New Currents in Science: The Challenges of Quality

Ispra, Italy, 3-4 March 2016

Each sector of science now has distinct challenges of quality. For scientific research, it is reproducibility; for application, consequences; for science advice, acceptability; and for the autonomous ‘citizen’ and ‘DIY’ sciences, governance.
The workshop, organized by the Joint Research Center of the European Commission, considered current challenges to quality assurance in science and their effects on the trustworthiness of science, as knowledge, in applications and in policy. The challenges originate from the previous transformation from community-based ‘little’ science to industrial-scale ‘big’ science, which had effects on research-incentives and thus commitment and morale.
The present transformation, that we call ‘information-age’ science, has enabled new social practices and sources of commitment to emerge, both within and outside of established science, that offer new ways of resolving the challenges of quality assurance.

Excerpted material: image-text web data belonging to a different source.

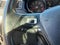 2016 Volkswagen Jetta 1.8T Sport
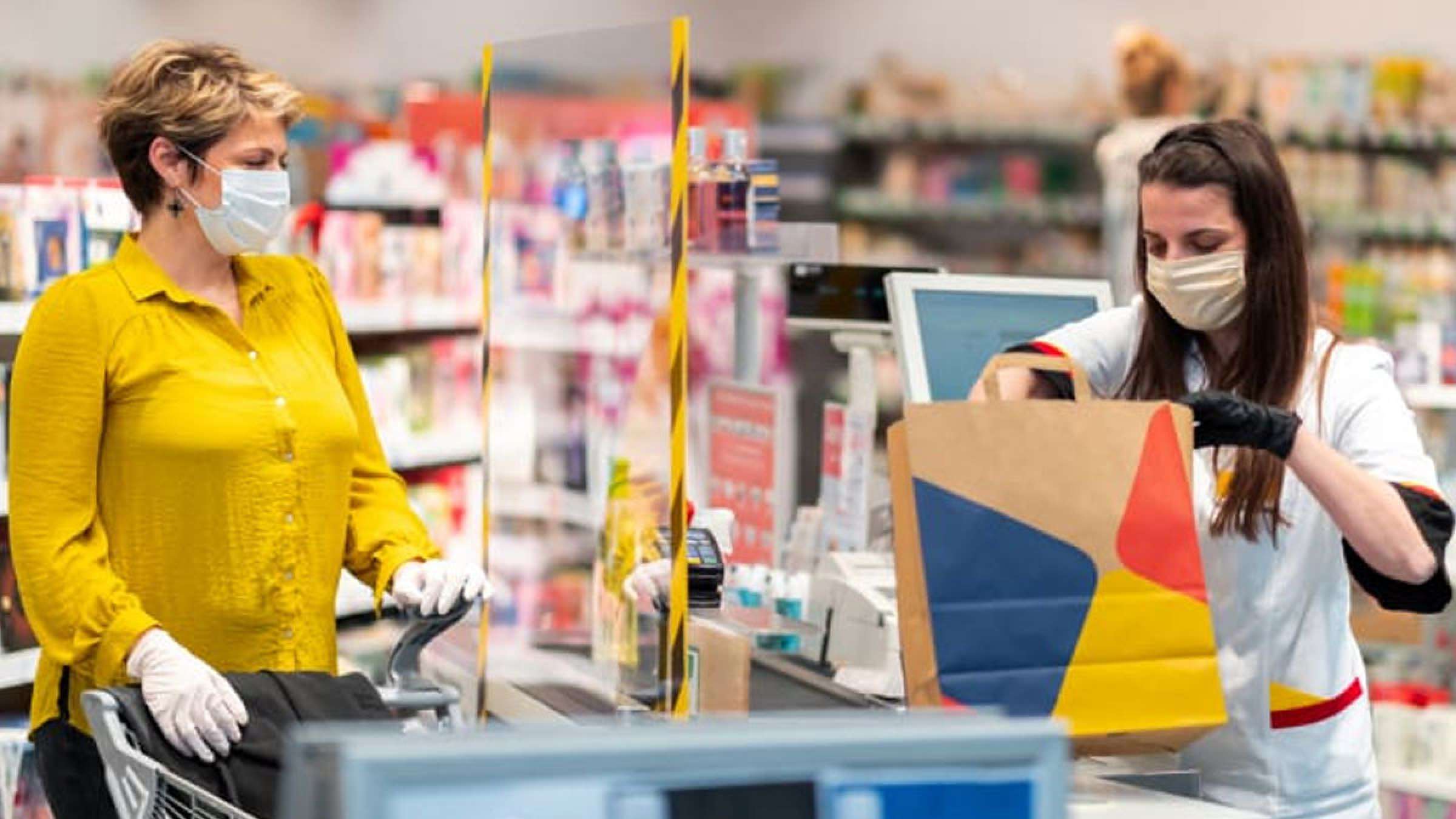 خبر-کانادا-کارشناسان-انتاریو-دلتا-را-کنترل-کرده-مردم-اقدامات-علیه-کرونا-اجرا-کردند-ادامه-می-دهند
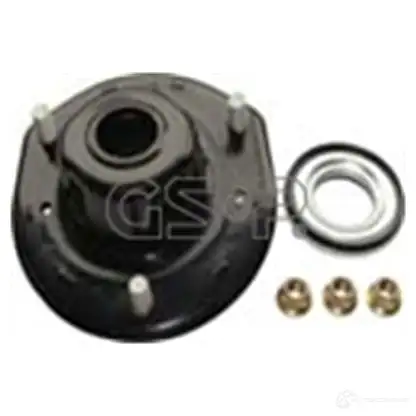 Опора амортизатора GSP 2758840 GRM1 1099S 511099s Q6QHA30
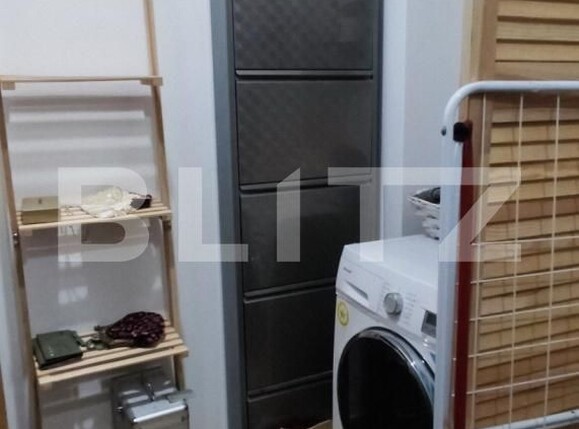 Casa de vânzare 4 camere 1 Decembrie - 188162CV | BLITZ București | Poza19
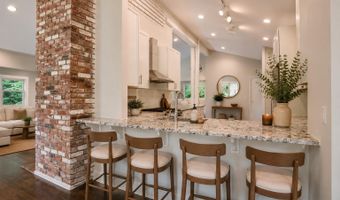 6900 HEATHERHILL Rd, Bethesda, MD 20817
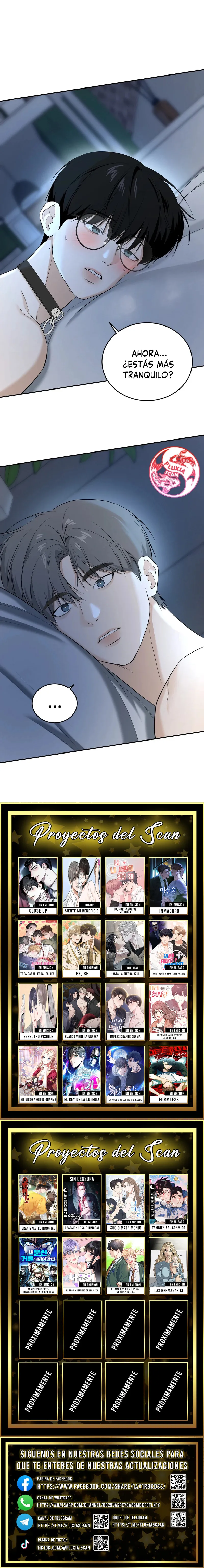8 Siente mi beneficio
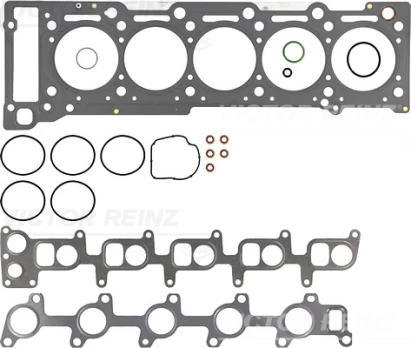 REINZ 02-35160-01 Cylinder head gasket set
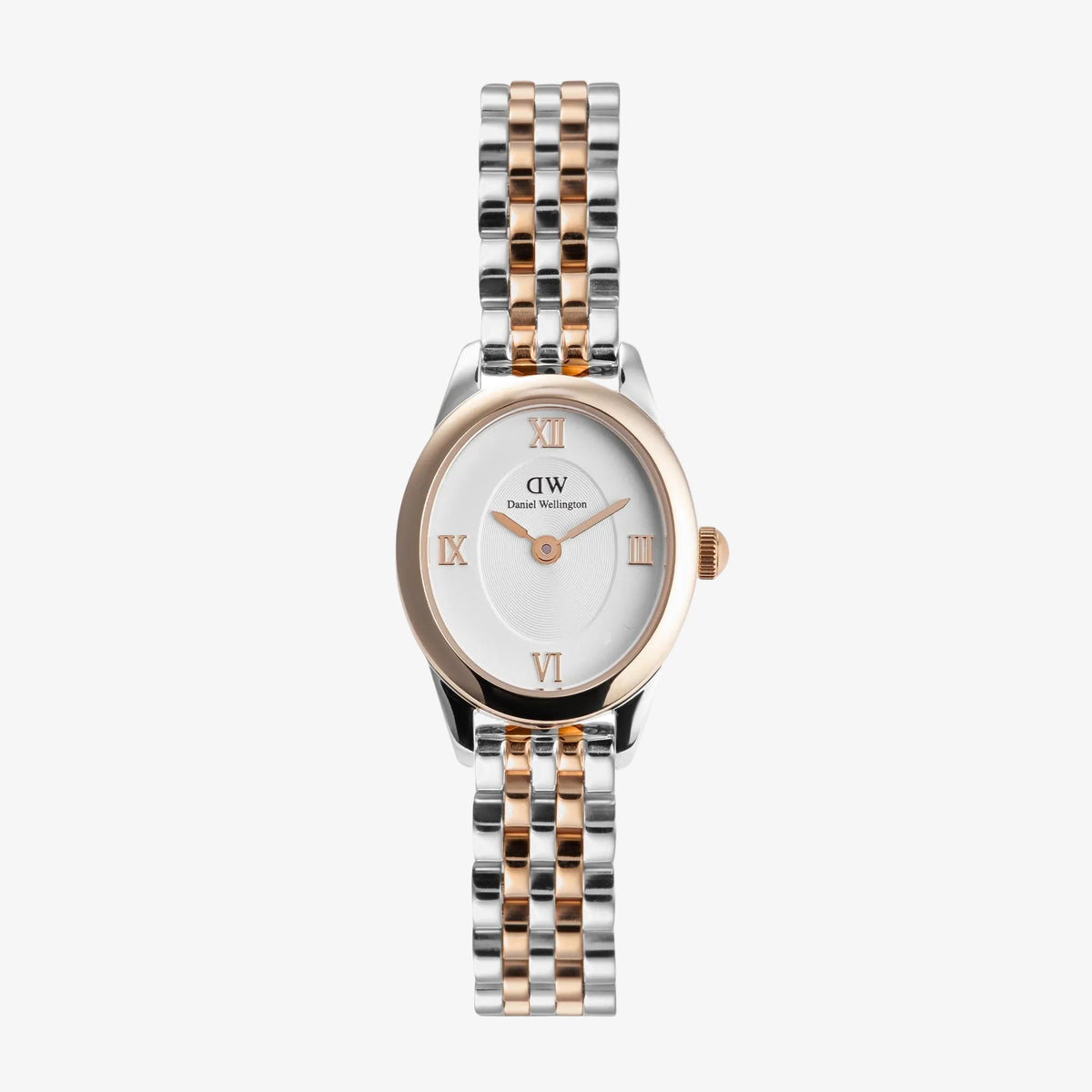 Daniel wellington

  1. For those involved in maintaining existing streams of production, application and advice, some key questions are: By what methodologies could the existing institutions accommodate to the new tendencies, for their mutual benefit?
  2. By what means, including dialogues and participation, could the new forms of practice be guided in the development of appropriate quality procedures?
The workshop was devoted to a review of these new tendencies, and to communication among them, exploring amongst others, how the insights of Post-Normal Science can contribute to their understanding and way out.  The scientific committee was integrated by Alice Benessia, Anne Blanchard, Bruna De Marchi, Silvio Funtowicz, Mario Giampietro, Ângela Guimarães Pereira, Zora Kovacic, Simon Meisch, Jerome Ravetz, Andrea Saltelli, Roger Strand, Jeroen van der Sluijs. The meeting gathered participants coming from a variety of regions and institutions , who actively participated in vivid conversations and debates. Cecilia Hidalgo presented and  discussed a work titled ‘From truth to credibility: changes in environmental knowledge authoritativeness’ in a session devoted to the issue "Quality assurance by extended peer review".